In case of Git LFS I expect the filter to answer with "delay" if a network call is required to fulfill the (smudge-) filter request.

>> We could do this but I think this would only complicate
>> the protocol. I expect the filter to spool results to the
>> disk or something.
>  Spooling things to disk was not part of my picture, to be honest.
>  This means additional execution time when a SSD is used, the chips
>  are more worn out...
>  There may be situations, where this is OK for some users (but not for others)
>  How can we prevent Git from (over-) flooding the filter?

I don't think this is Git's responsibility. If the filter can't handle the data then I expect the filter to *not* ask Git for a delay.

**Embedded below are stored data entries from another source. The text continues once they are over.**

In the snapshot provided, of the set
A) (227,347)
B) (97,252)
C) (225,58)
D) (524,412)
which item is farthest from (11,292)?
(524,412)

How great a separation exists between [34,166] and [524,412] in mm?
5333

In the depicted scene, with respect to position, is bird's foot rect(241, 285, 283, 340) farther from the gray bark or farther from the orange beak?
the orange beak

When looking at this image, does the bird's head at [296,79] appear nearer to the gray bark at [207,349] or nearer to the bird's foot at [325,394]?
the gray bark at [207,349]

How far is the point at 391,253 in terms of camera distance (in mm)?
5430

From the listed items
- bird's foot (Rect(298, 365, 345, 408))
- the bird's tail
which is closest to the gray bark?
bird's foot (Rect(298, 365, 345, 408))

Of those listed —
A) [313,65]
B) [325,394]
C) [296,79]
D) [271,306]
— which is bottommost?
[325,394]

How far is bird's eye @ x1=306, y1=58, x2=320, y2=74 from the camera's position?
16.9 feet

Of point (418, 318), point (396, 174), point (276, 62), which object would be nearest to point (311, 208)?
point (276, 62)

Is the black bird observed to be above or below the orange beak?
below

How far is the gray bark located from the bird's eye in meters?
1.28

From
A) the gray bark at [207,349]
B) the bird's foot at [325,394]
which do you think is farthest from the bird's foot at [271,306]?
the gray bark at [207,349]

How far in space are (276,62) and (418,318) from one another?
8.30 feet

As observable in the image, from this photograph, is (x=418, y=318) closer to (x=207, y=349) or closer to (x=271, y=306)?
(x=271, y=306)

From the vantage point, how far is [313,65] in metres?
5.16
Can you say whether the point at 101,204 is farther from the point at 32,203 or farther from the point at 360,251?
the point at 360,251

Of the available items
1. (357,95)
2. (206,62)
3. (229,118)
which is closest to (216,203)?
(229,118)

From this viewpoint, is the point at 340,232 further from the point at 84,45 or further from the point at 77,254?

>  The protocol response from the filter would be just "delayed", and the filter
>  would block Git, right ?
>  But, in any case, it would still be nice if Git would collect converted blobs
>  from the filter, to free resource here.
>  This is more like the "streaming model", but on a higher level:
>  Send 4 blobs to the filter, collect the ready one, send the 5th blob to
>  the filter, collect the ready one, send the 6th blob to the filter, collect
>  ready one....

That sounds nice, but I don't think that it is necessary in this (first) iteration. I think it is acceptable for the filter to spool data to disk.

> (Back to the roots)
> Which criteria do you have in mind: When should a filter process the blob
> and return it immediately, and when would it respond "delayed" ?

See above: it's up to the filter. In case of Git LFS: delay if a network call is required.

Thanks,
Lars